For the moment, though, Muslim political representation is small. With a Muslim population of 800,000, the Netherlands has seven Muslim M.P.s. Britain has only two, and France none. Yet people like Bassam Tibi, a professor of international relations at the University of Göttingen who coined the term Euro-Islam, insist that the integration of Europe's Muslims depends on the adoption of a form of Islam that embraces Western political values, such as pluralism, tolerance, the separation of church and state, democratic civil society and individual human rights. "The options for Muslims are unequivocal," says Tibi. "There is no middle way between Euro-Islam and a ghettoization of Muslim minorities."
In Britain, that view is shared by the writer and critic Ziauddin Sardar, who came to the country with his Pakistani parents as a child in the 1960s. "If there is a sociological change there will be a theological change as well," he says. "In Islam, law and ethics are the same thing. If you change the ethics, you change the law. There will be a new interpretation of Islam."
This new interpretation is taking shape in different places at different speeds. Although non-Muslims often view Islam as a monolithic bloc, the religion is characterized by its diversity. With over a billion believers scattered across every continent, as well as separate Shi'ite and Sunni traditions, the Muslim community (or ummah) has long been a philosophical construct rather than a demographic reality. That's true in Europe, where Muslims are divided by country of residence as much as by country of origin. "The problems Muslims are facing here are deeply influenced by the institutions of the countries where they live," says Farhad Khosrokhavar, a professor at Paris' School of Post-Graduate Studies in Social Science. "But the influence of democracy and religious tolerance is bringing about a meeting of minds."
And that influence could well spread to the Muslim world as a whole. For Zaki Badawi, chairman of the Imams and Mosques Council of Britain, Muslims in the West are helping to answer the question that has haunted Islam for the past century: how to reconcile tradition and modernity. "Islam, like any other society, finds modernity challenging," Badawi says. Although that challenge is felt more acutely in the developing world, intellectuals in those countries don't have the freedom to analyze the problem and find effective solutions. "The tension between Islam and modernity will be answered by thinkers in the West," Badawi says, "and transferred back to our native countries."
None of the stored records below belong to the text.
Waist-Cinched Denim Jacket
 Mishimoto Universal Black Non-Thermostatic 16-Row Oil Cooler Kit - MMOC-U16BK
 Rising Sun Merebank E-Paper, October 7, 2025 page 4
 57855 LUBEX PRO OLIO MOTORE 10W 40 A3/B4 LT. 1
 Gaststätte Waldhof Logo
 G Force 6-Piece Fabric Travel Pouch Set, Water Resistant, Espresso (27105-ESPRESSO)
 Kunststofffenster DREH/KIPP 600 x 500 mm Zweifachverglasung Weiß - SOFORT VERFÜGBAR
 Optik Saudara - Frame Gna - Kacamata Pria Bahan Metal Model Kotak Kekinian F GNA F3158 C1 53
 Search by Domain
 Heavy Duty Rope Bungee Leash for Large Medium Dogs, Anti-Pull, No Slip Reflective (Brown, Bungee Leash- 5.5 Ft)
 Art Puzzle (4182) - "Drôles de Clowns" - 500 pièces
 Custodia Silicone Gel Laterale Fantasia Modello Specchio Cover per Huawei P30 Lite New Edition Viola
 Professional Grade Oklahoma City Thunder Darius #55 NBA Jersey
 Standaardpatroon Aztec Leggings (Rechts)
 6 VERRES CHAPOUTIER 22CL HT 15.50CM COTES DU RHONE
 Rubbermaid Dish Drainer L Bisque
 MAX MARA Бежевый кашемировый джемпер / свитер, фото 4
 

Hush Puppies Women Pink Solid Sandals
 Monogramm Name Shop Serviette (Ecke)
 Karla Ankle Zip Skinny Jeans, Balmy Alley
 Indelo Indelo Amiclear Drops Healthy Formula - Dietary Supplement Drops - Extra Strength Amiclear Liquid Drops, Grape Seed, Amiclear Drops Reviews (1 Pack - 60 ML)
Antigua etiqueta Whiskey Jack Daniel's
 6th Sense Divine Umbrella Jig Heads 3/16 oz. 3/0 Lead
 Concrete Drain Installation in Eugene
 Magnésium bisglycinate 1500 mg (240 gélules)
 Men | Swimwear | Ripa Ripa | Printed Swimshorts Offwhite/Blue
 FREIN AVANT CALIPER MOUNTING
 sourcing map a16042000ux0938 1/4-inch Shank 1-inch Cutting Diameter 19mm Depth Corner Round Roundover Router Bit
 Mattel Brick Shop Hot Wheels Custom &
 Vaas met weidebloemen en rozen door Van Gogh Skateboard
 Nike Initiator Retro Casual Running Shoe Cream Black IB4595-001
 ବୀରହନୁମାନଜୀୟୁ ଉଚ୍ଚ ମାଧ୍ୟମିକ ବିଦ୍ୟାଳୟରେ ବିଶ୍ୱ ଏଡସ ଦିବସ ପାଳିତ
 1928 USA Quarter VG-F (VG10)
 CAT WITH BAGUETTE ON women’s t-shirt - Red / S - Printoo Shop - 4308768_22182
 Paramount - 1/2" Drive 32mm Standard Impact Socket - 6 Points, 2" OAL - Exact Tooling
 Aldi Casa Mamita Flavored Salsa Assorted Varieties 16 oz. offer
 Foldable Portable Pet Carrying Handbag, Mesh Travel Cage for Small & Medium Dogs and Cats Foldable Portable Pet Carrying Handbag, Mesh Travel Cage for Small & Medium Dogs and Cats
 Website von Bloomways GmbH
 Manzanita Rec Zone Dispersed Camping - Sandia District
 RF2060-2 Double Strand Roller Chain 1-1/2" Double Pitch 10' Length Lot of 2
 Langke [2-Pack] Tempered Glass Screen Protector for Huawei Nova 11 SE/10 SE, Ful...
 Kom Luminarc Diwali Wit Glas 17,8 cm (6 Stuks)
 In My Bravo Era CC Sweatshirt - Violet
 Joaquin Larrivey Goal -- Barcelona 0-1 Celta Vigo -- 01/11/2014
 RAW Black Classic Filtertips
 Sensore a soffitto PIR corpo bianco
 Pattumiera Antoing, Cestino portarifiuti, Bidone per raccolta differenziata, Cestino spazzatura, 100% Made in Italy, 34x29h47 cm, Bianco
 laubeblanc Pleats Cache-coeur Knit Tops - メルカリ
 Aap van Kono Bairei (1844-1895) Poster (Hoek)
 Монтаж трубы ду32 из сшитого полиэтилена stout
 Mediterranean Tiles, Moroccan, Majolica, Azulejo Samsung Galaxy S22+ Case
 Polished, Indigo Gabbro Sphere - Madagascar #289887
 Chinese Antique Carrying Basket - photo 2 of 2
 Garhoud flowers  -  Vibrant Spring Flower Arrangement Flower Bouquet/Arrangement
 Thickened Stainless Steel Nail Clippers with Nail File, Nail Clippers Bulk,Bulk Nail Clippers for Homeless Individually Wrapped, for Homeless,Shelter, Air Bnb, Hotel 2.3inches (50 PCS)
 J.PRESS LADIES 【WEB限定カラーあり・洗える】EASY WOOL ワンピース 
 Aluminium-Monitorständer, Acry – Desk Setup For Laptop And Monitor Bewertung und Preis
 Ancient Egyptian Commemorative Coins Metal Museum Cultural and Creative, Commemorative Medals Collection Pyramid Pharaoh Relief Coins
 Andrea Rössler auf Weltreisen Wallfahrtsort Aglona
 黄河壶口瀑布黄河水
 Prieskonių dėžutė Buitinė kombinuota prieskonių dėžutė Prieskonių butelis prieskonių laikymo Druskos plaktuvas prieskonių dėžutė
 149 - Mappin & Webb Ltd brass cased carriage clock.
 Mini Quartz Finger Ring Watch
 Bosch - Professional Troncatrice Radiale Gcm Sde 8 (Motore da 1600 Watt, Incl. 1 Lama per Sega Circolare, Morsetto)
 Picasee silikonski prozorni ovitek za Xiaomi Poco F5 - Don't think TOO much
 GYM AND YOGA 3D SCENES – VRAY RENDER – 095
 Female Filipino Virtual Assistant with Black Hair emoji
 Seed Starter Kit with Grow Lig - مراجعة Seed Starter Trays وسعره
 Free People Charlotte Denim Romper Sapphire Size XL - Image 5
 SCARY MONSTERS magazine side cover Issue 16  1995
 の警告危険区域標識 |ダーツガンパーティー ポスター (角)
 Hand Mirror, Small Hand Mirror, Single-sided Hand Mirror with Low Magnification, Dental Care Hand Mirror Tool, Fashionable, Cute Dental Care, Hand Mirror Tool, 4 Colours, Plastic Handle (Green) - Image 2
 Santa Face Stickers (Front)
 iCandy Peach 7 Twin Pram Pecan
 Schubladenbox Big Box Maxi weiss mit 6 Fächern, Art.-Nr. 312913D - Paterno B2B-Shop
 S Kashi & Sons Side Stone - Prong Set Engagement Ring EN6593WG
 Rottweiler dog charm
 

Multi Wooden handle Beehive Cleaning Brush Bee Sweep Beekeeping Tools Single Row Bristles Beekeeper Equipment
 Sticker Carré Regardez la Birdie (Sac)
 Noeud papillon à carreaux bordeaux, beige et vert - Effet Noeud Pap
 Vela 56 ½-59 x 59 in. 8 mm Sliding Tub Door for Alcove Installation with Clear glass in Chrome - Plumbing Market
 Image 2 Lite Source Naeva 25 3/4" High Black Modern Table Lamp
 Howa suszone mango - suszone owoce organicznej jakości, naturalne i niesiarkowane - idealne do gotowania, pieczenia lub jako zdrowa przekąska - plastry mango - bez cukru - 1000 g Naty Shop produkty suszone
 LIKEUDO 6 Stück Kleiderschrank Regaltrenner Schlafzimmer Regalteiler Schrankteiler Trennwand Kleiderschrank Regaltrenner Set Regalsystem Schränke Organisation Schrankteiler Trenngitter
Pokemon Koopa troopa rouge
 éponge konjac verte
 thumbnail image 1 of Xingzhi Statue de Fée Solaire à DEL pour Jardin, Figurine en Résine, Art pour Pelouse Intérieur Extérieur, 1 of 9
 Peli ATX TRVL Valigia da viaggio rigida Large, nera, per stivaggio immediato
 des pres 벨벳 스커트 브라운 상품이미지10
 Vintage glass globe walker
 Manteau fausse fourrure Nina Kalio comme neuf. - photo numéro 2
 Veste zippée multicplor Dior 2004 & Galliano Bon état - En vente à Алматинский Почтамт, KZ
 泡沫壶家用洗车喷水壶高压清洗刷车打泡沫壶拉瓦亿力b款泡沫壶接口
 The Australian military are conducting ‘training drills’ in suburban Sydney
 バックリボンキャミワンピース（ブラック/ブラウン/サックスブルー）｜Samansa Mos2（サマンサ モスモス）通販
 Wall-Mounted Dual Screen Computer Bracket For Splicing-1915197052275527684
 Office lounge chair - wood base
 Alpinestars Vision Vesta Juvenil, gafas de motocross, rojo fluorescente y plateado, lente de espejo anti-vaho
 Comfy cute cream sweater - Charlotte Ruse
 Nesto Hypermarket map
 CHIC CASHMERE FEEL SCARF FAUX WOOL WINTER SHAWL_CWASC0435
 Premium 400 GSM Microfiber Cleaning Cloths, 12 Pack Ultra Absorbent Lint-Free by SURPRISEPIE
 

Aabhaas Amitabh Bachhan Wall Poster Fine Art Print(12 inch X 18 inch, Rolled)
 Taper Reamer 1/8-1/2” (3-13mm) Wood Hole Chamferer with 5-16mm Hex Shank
It would be symbolically and historically fitting if the next great reform of Islam came from the diaspora in the West. After all, the starting point of the Muslim calendar is not the year of Muhammad's birth but the day 1,379 years ago when the Prophet led his followers from his birthplace in Mecca to found a new community in Medina. "The very foundation of Islamic civilization was built on diaspora, on the move from Mecca to Medina," says British Muslim writer Sardar. "This is where the diaspora is very important: in creating a truly moderate tradition for the future." The new diaspora of Muslims in Europe already has that task in hand.